Mom loved her God and her Bible.  She held the family record for reading the Bible cover to cover, certainly much more than this her second son.  She was a lonesome reader, listening on a very personal level, intent on making another connection with our ultimate reality and of that fact the family had no doubt.  The Bible was her life, her love and her solace.

Mom owned and read almost every version of the Bible but she resorted to larger and larger giant print editions in her later years.  I believe she quit living when she could no longer live within the pages of this book, as she had done for a lifetime.  A tape recording of the words of the Bible were not the same as the book.  The doctors will have a different tale but they only deal in reports and numbers.

While sorting out her stuff, I came across one of her Bibles, a regular book bound study Bible with a paper jacket.

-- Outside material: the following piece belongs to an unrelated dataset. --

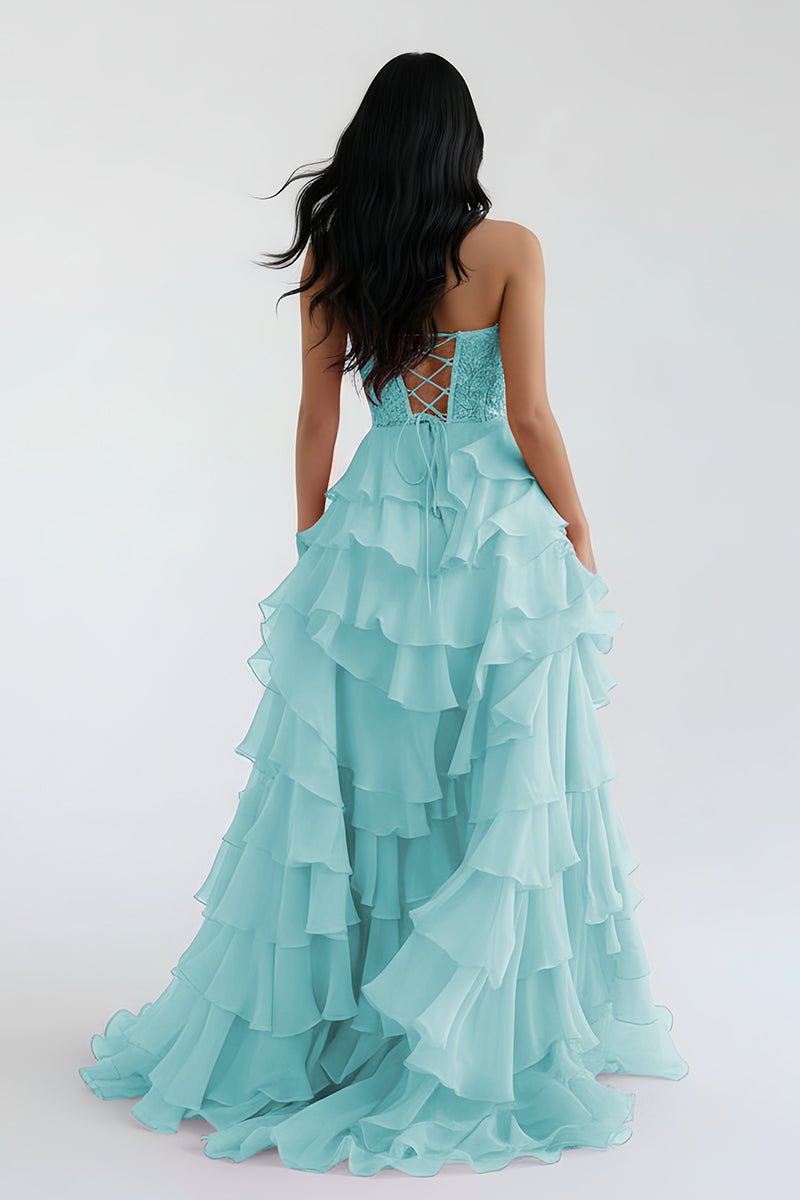 Alondra | Royal Blue Chiffon Sweetheart Ruffle Tiered Long Prom Dress - KissProm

The back paper jacket flap opened this Bible to page 1261, the Gospel of St. John, Chapter four. This was the last point of reference for Mom in this Bible or it was the most significant passage that she reread time and time again.  Either way, it is these words of Jesus that were underlined in red and yellow, “I who speak to you am he.”

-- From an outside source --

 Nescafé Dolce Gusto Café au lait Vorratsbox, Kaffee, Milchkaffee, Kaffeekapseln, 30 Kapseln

In comedic terms, this was the punchline of a conversation between a woman drawing water from a Samaritan well and Jesus.  The entire conversation is fascinating but this punch line and the outrageous claim that it contains will change the world.   Jesus for the first and only time, clearly identifies himself as the Messiah, the long hoped for person, king or prophet who would rescue the people of Israel from centuries of interference and occupation by peoples beyond their borders.  This was the Messianic hope of the Jewish people that would hopefully soon or at least someday, usher in a reconstituted Israel.

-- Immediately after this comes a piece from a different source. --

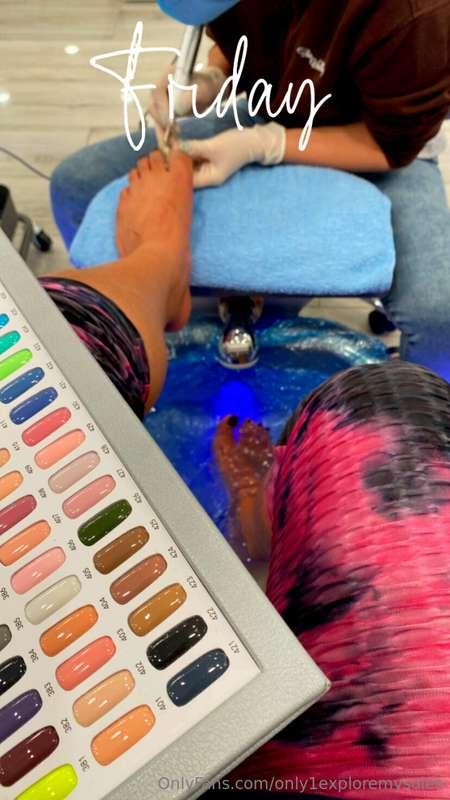 Pedi day is always a great day 😍😍😍 loving this new pink in m..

But wait, the question needs to be asked, why is Saint John the only biblical writer to record this conversation between Jesus and the woman at the Samaritan well?  Why does Jesus avoid making this claim in Jerusalem or in his hometown of Nazareth?  Why does Jesus, according to John, reveal his Messianic identity to the Samaritan woman at the well and not his most faithful disciples?  The only possible answer to these questions is that the popularly understood Jewish definition of the Messiah at the time of Jesus was short sighted or just plain wrong.  The prophets foretold of a Messiah that would bring spiritual freedom and political freedom but they are silent about when each would happen.  Mom would not have lived within in the pages of this book if the book was solely about a political Messiah.  The politics would arrive for the Jewish people two thousand years after Jesus.
                                                        
Every God idea before the time of Jesus was founded upon the differences between peoples.  This does not mean that God recognized these differences, it means only that it is easy for we humans to assume that our God is one of our own.  Jesus asks the Samaritan women for a drink of water that she draws from the well.  In verse 9 of chapter 4, the woman asks, “How is it that you, being a Jew, asks a drink from me, a Samaritan woman?  For Jews have no dealings with Samaritans.”  Though the Samaritan and the Jew had a shared religious history, at the time of Jesus, the Jew considered the religion of the Samaritan inferior, almost a gutter religion and according to the Jew every Samaritan deserved shunning.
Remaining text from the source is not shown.